* **AIM OF THE TASK**
Give back exactly the lines from the "Dalmatian Balloons Float" line to the final line of the records, and only those, minus any pictures.

* **RECORDS PROVIDED**
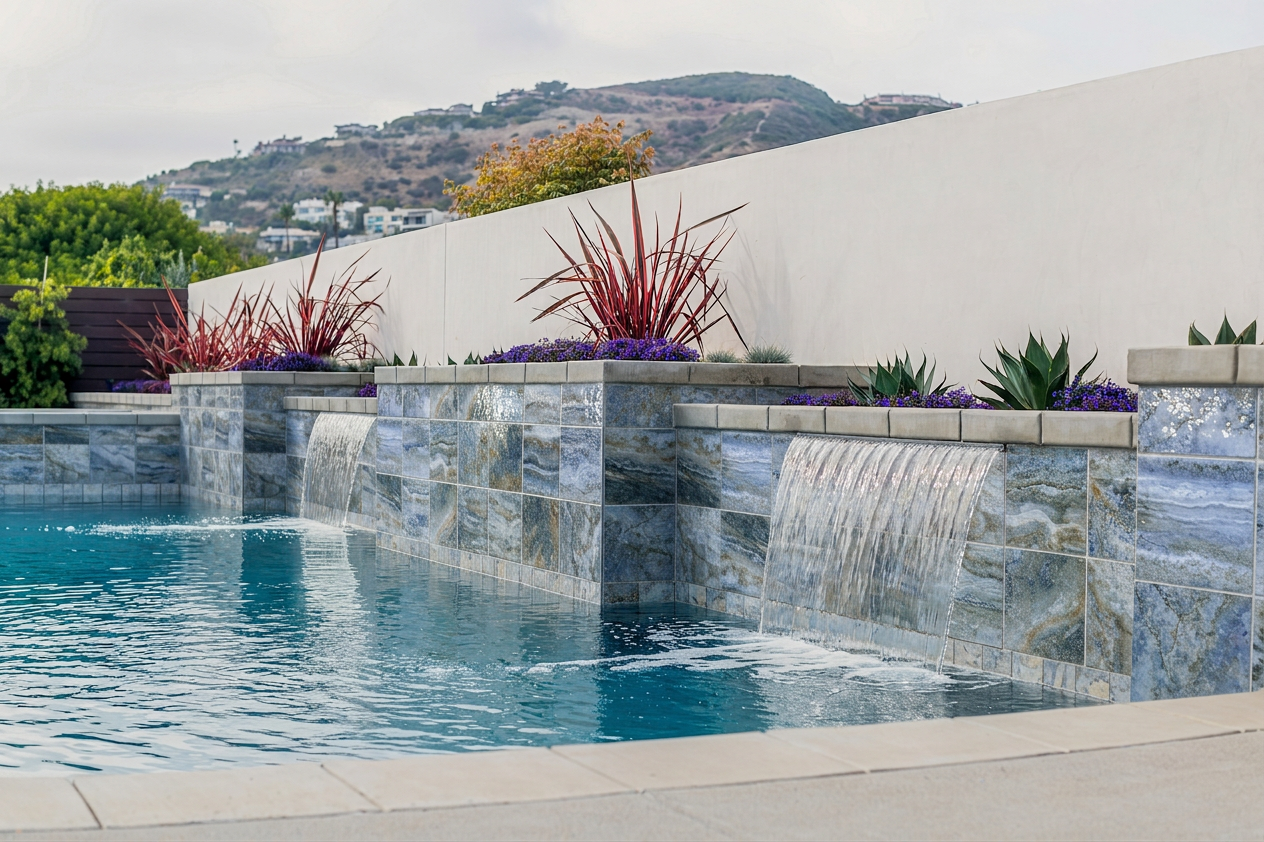 Pool with a long spillway wall clad in Storm Blend blue porcelain 6x6 tile, set against a rendered garden wall with hillside views.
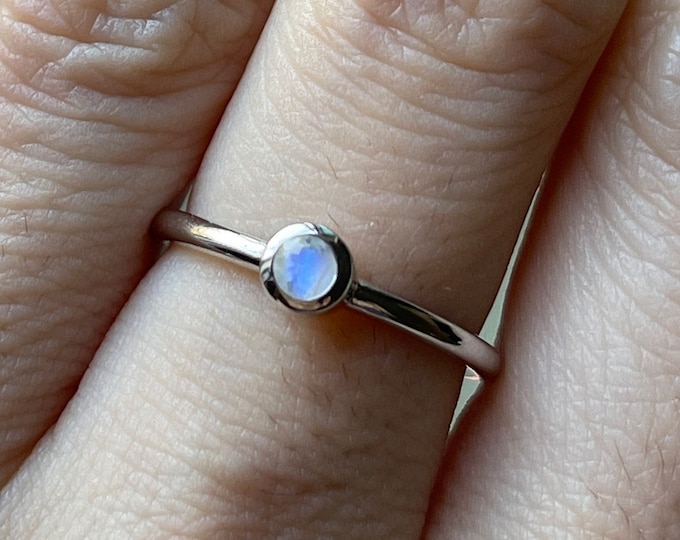 Moonstone Dainty Stackable Ring- Jewelry Gifts under 25- Genuine Tiny Rainbow Moonstone Ring for Child Teen- Facet Round Silver Bezel Ring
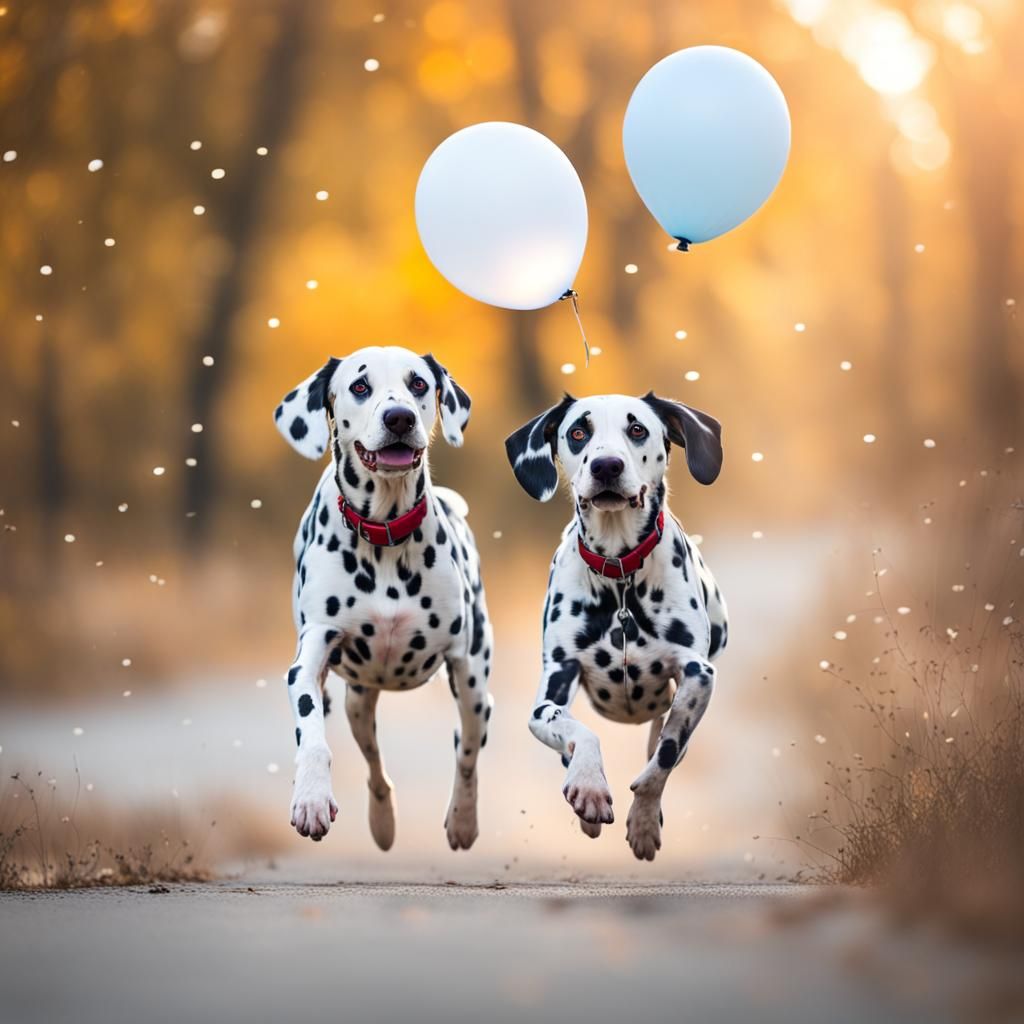 Dalmatian Balloons Float in the Sky: Photography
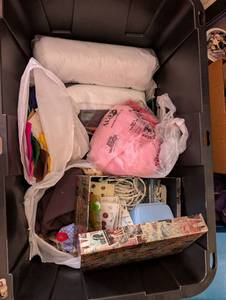 lot 4504 image: Lot of Scrap Fabric  Filling (tote full, tote not included)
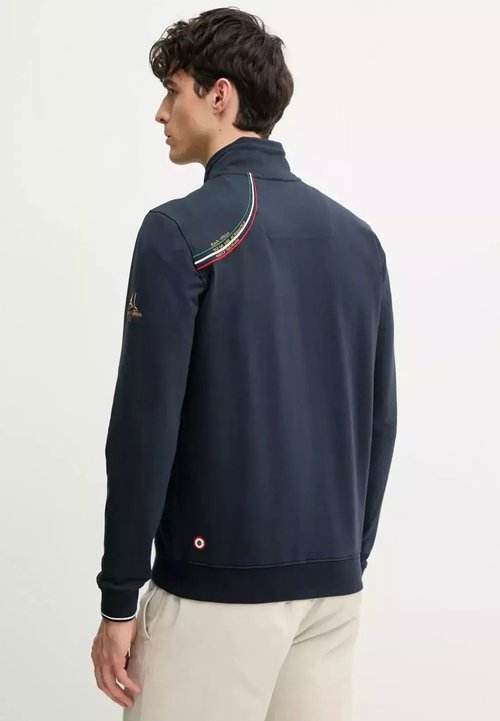 Felpa Aeronautica Militare Uomo Con Zip E Inserti Tricolore - Blu Navy, Cotone Comfortevole - Foto 3
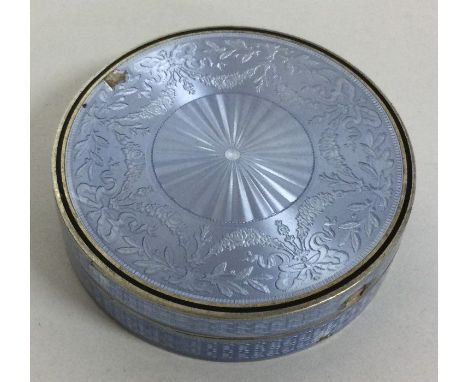 A silver and blue enamel snuff box with lift off lid marked to edge. Approx. 73 grams. Est. £100 - £200.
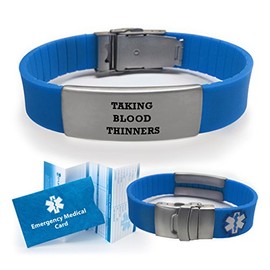 Taking Blood Thinners Sport Medical Alert ID Bracelet for Men and Women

* **OUTPUT FOR THIS TASK**
 Dalmatian Balloons Float in the Sky: Photography
 lot 4504 image: Lot of Scrap Fabric  Filling (tote full, tote not included)
 Felpa Aeronautica Militare Uomo Con Zip E Inserti Tricolore - Blu Navy, Cotone Comfortevole - Foto 3
 A silver and blue enamel snuff box with lift off lid marked to edge. Approx. 73 grams. Est. £100 - £200.
 Taking Blood Thinners Sport Medical Alert ID Bracelet for Men and Women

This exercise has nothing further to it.